Greece Down, Spain, Portugal and Italy on the Bench and Hungary at Bat
EU Ministers are proposing to freeze 495 million EUR in EU funds destined for Hungary in 2013, the European Commission says, the first time it has ever taken such a measure. Now that Greece has been moved off the burner, the EU has taken aim at Hungary.
This unprecedented step follows the Commission's repeated warnings to Hungary urging it to step up its efforts to end the country's excessive government deficit, and its subsequent failure to take appropriate action, the Commission said in a statement.
The funds freeze in so-called cohesion funding, aimed at balancing economic disparities across the 27-nation, and would affect 29% of Hungary's allocations for the year.
The European Union executive last month concluded that Hungary had not taken effective action to reduce its deficit below the target of three per cent of gross domestic product by 2011 in a sustainable and credible manner.
Late last year, The European Commission and the IMF cut short informal aid talks with Hungary due to worries over the independence of its central bank.
Hungary had been seeking a standby credit line of 15-20bn euro's ($19.5bn, £12.6bn) in case it ran into trouble issuing new debt. In November its credit rating was downgraded to 'junk' status by Moody's.
EU negotiators objected to a proposed law which they said would compromise the independence of the central bank. Hungary took a 'We do not care' stance and ignored the IMF and said they would not give in to demands.

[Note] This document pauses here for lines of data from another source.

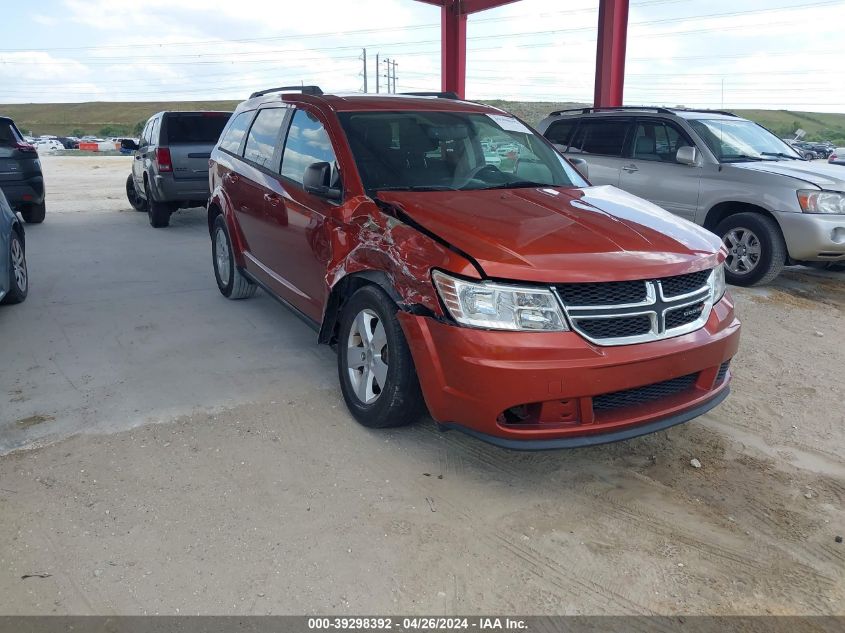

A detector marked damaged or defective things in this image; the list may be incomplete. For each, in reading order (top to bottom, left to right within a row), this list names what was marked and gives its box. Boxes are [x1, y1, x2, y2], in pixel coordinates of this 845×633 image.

crumpled hood [728, 159, 845, 189]
dented front quarter panel [326, 195, 478, 316]
crumpled hood [380, 183, 724, 282]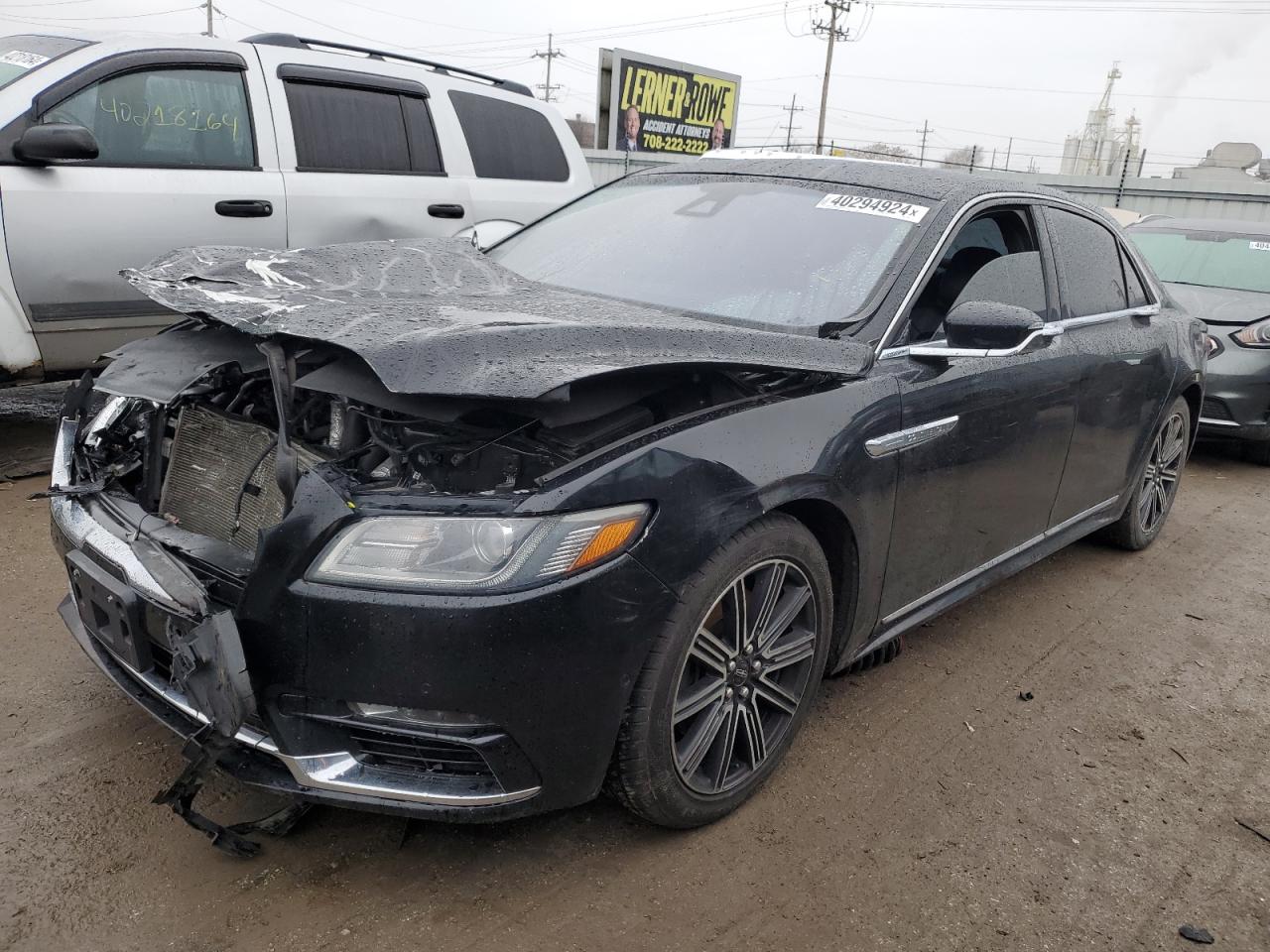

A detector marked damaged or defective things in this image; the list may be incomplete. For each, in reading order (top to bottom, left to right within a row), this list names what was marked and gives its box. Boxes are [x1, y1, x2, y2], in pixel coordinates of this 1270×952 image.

crumpled hood [121, 242, 873, 404]
dented hood [121, 242, 873, 404]
crumpled hood [1163, 279, 1270, 327]
damaged front end [49, 237, 873, 848]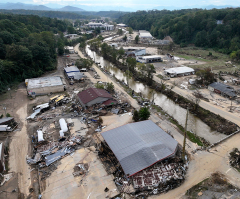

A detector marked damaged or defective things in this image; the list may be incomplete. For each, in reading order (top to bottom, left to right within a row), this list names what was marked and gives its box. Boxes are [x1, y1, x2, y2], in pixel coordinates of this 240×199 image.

damaged roof [78, 88, 113, 104]
damaged roof [101, 119, 178, 176]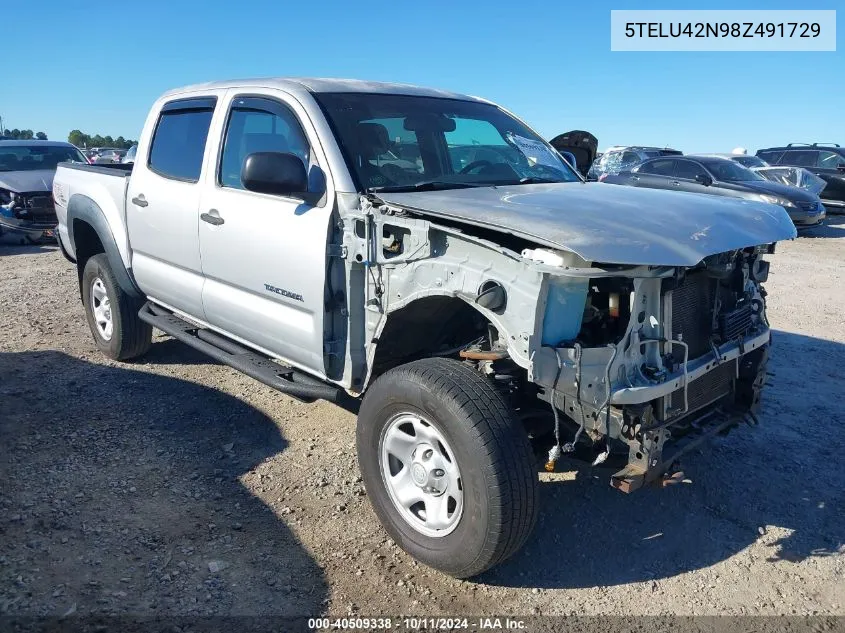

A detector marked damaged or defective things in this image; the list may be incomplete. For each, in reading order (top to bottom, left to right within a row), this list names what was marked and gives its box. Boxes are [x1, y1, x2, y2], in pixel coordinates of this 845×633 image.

wrecked vehicle [0, 140, 87, 242]
wrecked vehicle [54, 76, 796, 576]
damaged front end [532, 244, 776, 492]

Shortly thereafter, Hungary did a complete turn about and began to woo the IMF and EU to reconsider. No one can understand the reasoning behind the behavior of the Hungarian government.
In a recent meeting in Washington DC between Hungarian representatives and Christine Lagarde stated I indicated that, before the Fund can determine when and whether to start negotiations for a Stand-By Arrangement, it will need to see tangible steps that show the authorities' strong commitment to engage on all the policy issues that are relevant to macroeconomic stability. Support of the European authorities and institutions would also be critical for successful discussions of a new program.

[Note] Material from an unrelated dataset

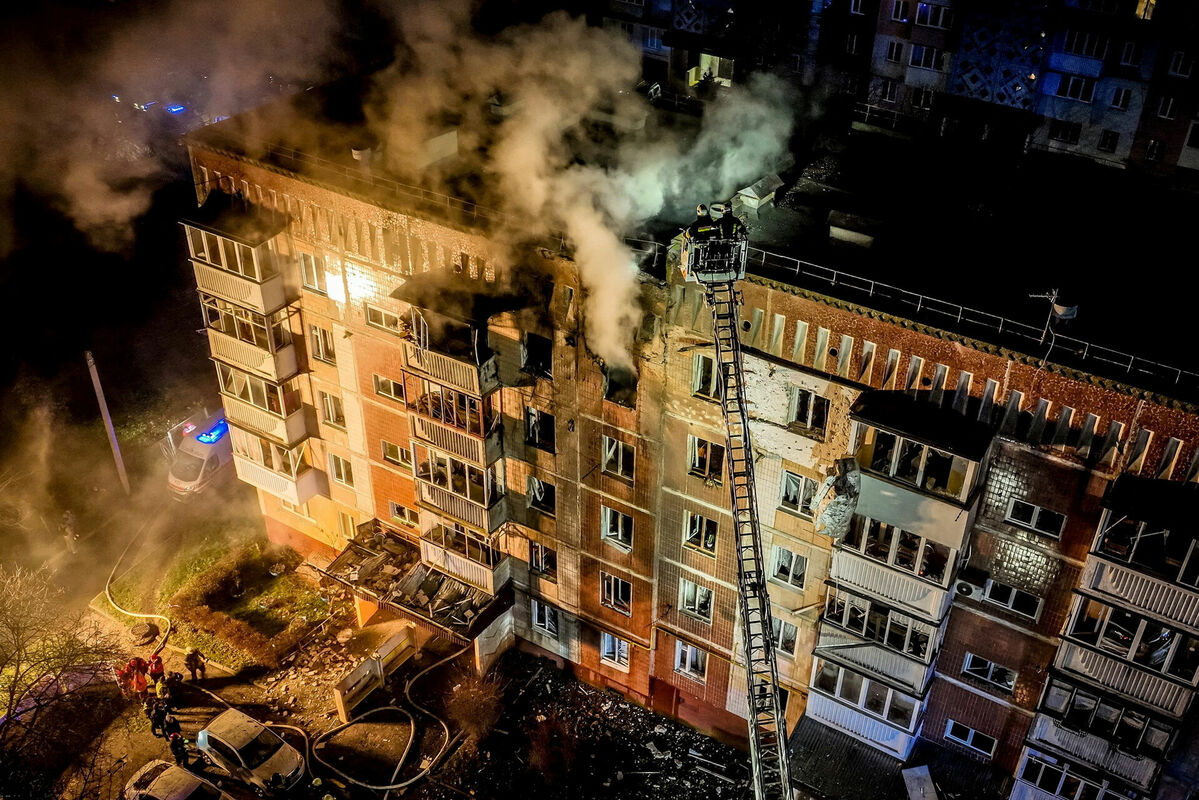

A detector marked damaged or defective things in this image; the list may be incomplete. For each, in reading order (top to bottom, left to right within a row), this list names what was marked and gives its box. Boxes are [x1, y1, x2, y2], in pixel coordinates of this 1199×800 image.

damaged apartment building [179, 79, 1199, 796]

Today's proposal should be seen as a strong incentive for Hungary to conduct sound fiscal policies and put in place the right macro-economic and fiscal conditions to ensure an efficient use of Cohesion Fund resources, Economic Affairs Commissioner Olli Rehn said.
It is now for the Hungarian government to act before the suspension takes effect, he said.
Rehn told a news conference that Hungary has been in excessive deficit ever since its EU accession in 2004, adding that the deadline for Budapest to get back within the limit had already been pushed back by three years.
Rehn's office said in January that Hungary formally respected the threshold last year, but he stressed today that this was only possible due to one-off measures worth around 10 per cent of GDP.
Without a key transfer of private pension funds to the public books, the commission maintains the deficit would have hit six per cent of gross domestic product.
The commissioner said the suspension threat was both fair and proportionate.
EU regional policy commissioner Johannes Hahn said the overarching aim of the decision was to prevent further difficulties, and underlined: If Hungary takes corrective action, the funds will be available again to spend.
Projects including flood protection around the Danube could suffer if Budapest does not respond to the commission demands.
He added: The ball is now in the Hungarian camp.